◆ **Your objective**:
Output exactly the lines from the line that has "Immunofluorescence analysis of" through the last line of the data below, with no pictures.
------------
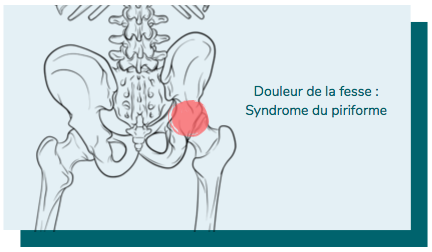 syndrome du piriforme et douleur à la fesse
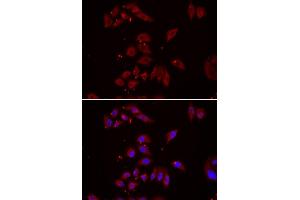 Immunofluorescence analysis of U2OS cell using NPHP1 antibody.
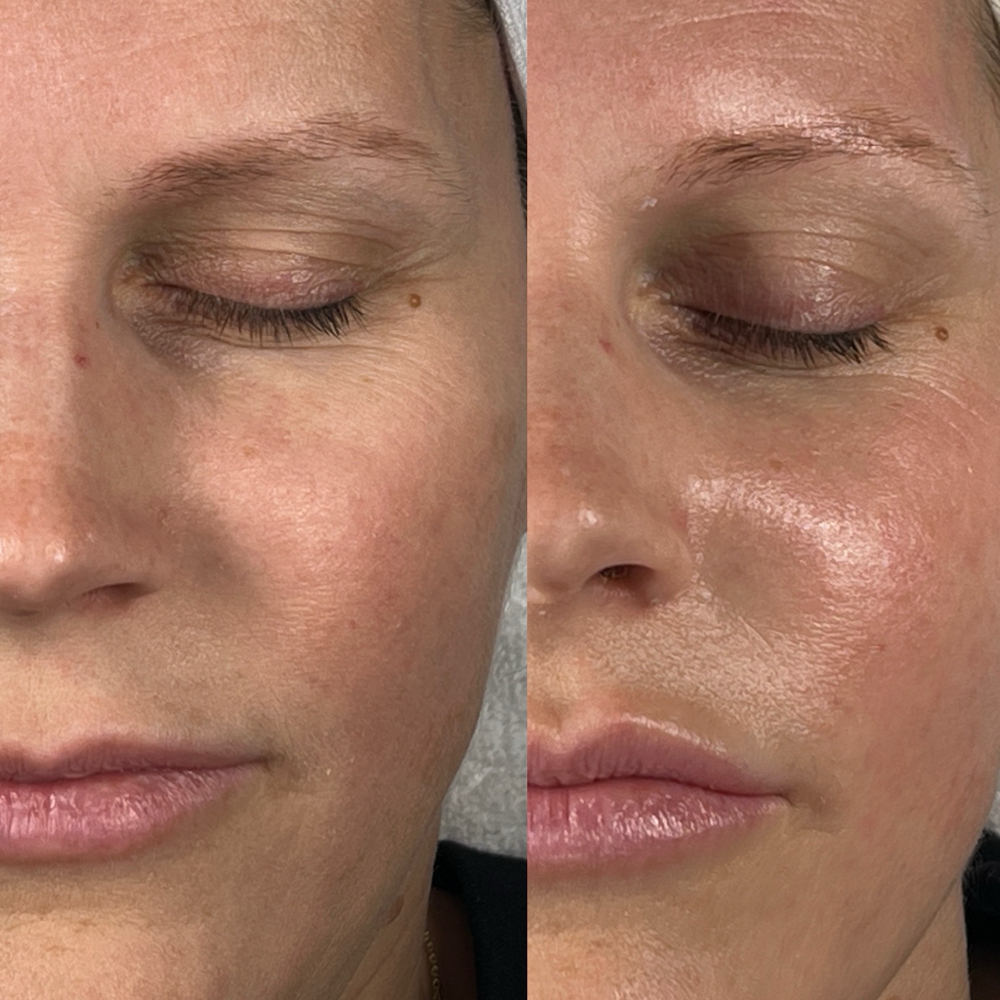 Nano Infusion Facial (Basic) at Illuminate Lashes and Beauty in Trussville, AL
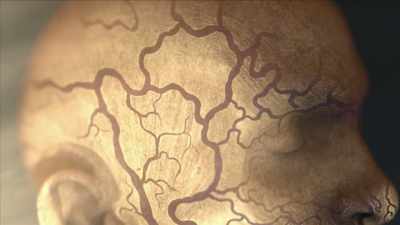 {\an1}In the late 1800s, - Mysteries of Mental Illness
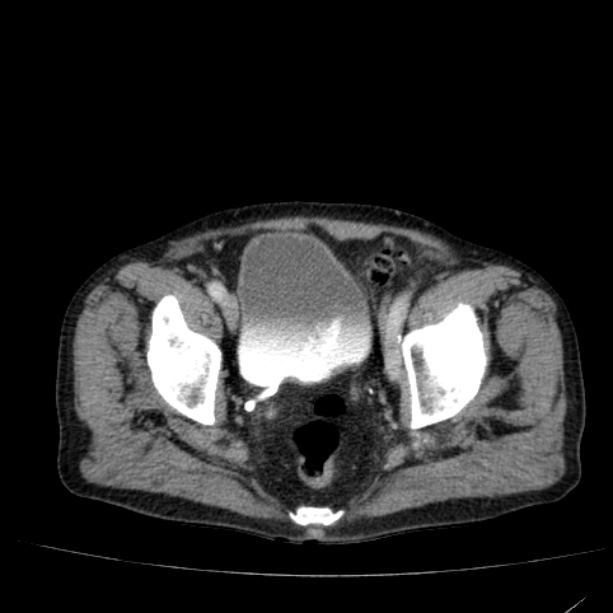 Abdominal aortic aneurysm (Radiopaedia 29248-29660 Axial C+ portal venous phase 55).jpg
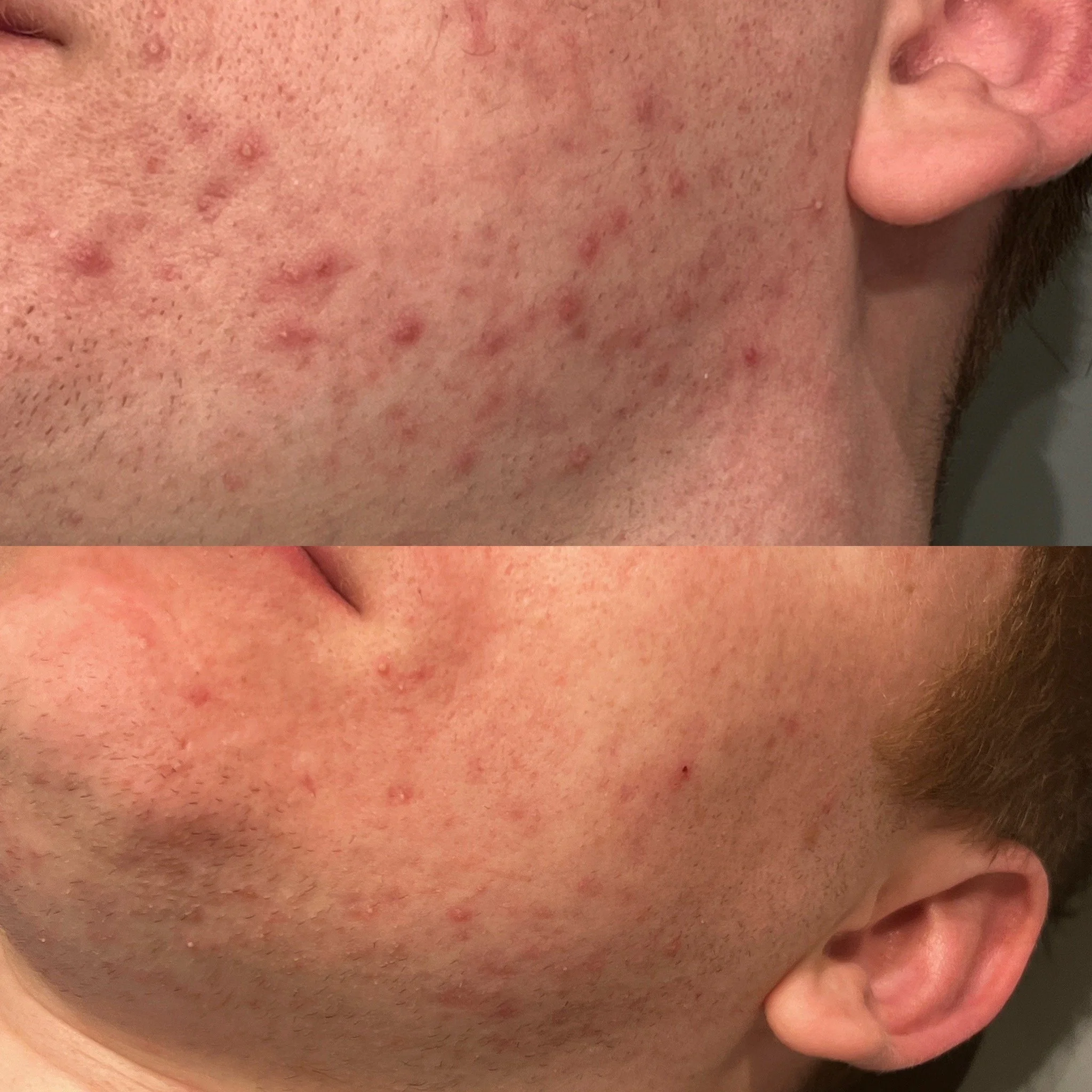 Before and after Dermalux Light Therapy Treatment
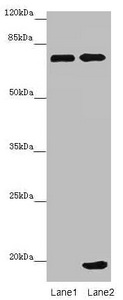 ZNF264 Antibody - Western blot All Lanes: ZNF264 antibody at 2.07ug/ml Lane 1: Jurkat whole cell lysate Lane 2: 293T whole cell lysate Secondary Goat polyclonal to Rabbit IgG at 1/10000 dilution Predicted band size: 71 kDa Observed band size: 71,19 kDa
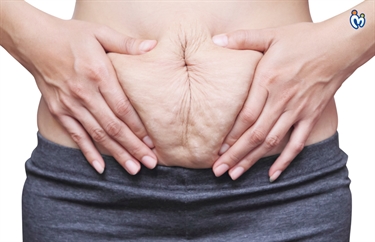 Six Pack Stretch Marks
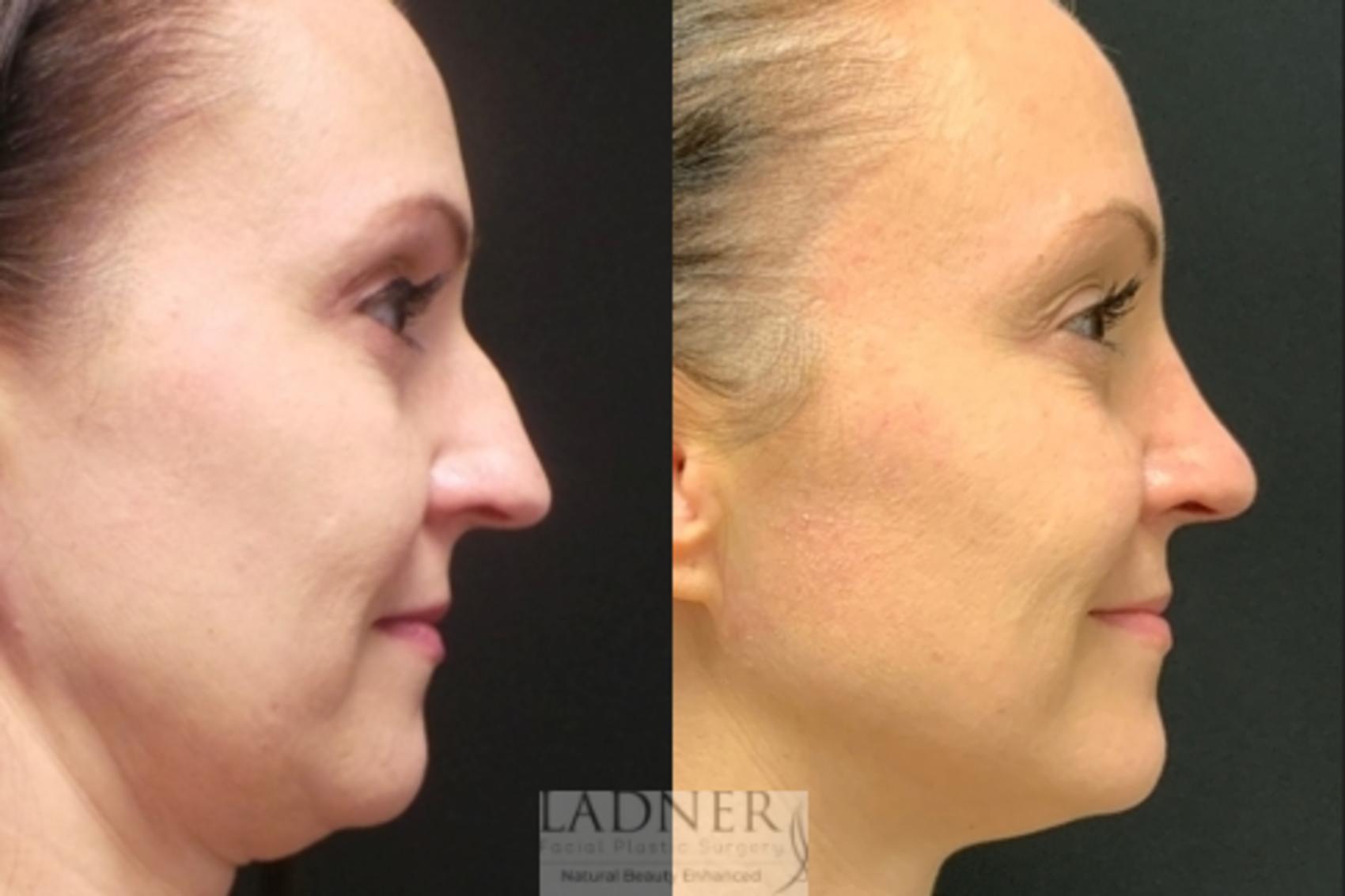 Rhinoplasty (Nose job) Case 90 Before & After Right Side | Denver, CO | Ladner Facial Plastic Surgery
------------
◆ **Expected answer**:
 Immunofluorescence analysis of U2OS cell using NPHP1 antibody.
 Nano Infusion Facial (Basic) at Illuminate Lashes and Beauty in Trussville, AL
 {\an1}In the late 1800s, - Mysteries of Mental Illness
 Abdominal aortic aneurysm (Radiopaedia 29248-29660 Axial C+ portal venous phase 55).jpg
 Before and after Dermalux Light Therapy Treatment
 ZNF264 Antibody - Western blot All Lanes: ZNF264 antibody at 2.07ug/ml Lane 1: Jurkat whole cell lysate Lane 2: 293T whole cell lysate Secondary Goat polyclonal to Rabbit IgG at 1/10000 dilution Predicted band size: 71 kDa Observed band size: 71,19 kDa
 Six Pack Stretch Marks
 Rhinoplasty (Nose job) Case 90 Before & After Right Side | Denver, CO | Ladner Facial Plastic Surgery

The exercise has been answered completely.